#### Material shown
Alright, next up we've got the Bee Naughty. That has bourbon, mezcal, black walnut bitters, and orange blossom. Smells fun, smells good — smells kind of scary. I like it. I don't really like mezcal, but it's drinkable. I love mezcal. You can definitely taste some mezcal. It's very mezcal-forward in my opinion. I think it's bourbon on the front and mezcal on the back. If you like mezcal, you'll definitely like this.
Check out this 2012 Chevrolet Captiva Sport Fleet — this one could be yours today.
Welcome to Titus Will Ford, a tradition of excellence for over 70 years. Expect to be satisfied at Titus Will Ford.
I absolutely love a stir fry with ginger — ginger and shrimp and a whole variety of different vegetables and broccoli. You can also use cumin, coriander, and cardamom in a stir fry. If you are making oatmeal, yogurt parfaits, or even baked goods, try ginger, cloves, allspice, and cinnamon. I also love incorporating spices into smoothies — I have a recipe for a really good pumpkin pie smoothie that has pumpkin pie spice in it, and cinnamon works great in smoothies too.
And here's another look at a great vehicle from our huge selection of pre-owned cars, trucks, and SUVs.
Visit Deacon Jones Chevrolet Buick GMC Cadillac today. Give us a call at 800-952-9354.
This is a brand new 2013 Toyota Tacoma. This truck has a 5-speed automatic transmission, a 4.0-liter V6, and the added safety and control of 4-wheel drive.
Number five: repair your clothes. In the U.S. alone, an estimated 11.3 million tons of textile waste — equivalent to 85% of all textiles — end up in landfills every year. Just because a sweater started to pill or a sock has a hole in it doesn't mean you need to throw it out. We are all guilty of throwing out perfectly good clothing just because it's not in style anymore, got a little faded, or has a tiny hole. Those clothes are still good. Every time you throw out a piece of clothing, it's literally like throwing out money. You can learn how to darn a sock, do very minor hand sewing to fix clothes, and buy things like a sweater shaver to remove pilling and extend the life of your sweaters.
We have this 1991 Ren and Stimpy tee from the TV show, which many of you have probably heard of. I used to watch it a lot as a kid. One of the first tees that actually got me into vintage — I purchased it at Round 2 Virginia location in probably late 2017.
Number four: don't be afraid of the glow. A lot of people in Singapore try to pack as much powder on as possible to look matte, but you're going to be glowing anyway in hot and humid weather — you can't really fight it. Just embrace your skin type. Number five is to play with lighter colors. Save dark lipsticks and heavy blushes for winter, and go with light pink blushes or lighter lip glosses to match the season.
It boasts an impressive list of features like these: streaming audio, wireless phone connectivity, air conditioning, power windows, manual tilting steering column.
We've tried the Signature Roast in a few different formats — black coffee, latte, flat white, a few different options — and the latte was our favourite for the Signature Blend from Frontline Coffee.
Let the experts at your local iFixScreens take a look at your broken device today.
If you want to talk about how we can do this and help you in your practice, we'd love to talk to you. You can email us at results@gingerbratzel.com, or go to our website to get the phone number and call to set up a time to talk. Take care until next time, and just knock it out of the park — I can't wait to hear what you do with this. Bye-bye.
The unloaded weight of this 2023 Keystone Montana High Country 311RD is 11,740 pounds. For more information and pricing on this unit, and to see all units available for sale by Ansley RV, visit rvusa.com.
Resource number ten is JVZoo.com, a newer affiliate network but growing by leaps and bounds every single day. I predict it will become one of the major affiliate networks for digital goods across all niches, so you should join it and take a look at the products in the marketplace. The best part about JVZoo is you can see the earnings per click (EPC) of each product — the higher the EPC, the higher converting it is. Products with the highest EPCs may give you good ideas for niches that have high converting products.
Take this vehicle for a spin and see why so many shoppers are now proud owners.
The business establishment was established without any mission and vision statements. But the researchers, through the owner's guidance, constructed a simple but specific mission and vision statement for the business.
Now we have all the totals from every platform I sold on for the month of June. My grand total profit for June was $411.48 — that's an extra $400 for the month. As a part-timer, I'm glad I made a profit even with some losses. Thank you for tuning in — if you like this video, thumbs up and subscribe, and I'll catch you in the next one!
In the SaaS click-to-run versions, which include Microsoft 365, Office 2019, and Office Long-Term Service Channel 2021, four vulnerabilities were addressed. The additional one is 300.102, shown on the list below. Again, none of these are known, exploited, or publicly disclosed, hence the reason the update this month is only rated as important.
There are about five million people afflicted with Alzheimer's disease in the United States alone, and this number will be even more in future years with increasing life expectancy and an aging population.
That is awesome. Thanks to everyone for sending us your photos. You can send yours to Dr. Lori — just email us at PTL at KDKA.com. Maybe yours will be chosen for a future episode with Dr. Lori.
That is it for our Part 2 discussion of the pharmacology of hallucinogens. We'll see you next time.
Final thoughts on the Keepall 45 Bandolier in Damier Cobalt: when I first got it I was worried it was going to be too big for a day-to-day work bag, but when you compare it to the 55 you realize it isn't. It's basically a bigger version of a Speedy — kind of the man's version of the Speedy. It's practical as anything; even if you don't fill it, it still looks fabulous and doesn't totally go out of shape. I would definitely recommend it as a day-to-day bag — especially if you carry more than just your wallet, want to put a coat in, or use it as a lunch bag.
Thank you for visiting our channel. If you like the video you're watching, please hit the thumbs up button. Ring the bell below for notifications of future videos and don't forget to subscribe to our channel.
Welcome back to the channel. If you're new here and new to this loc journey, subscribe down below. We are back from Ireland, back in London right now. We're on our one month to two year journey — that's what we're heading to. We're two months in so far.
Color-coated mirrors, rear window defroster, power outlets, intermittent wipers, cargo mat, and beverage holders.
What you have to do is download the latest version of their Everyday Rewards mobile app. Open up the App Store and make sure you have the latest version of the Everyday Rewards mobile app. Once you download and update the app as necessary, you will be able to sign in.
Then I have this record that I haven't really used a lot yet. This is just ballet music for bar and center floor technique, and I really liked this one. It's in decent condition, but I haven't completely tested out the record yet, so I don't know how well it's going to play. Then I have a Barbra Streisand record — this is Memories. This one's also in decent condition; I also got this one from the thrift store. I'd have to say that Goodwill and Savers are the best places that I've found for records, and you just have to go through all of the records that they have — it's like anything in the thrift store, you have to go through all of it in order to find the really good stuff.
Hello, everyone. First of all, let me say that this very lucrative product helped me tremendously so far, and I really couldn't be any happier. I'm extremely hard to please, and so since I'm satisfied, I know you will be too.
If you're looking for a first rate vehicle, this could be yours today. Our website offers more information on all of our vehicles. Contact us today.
########
**Exercise**
How many lines of the data hold the string "please"? Reply with the number alone.

**Result below**
2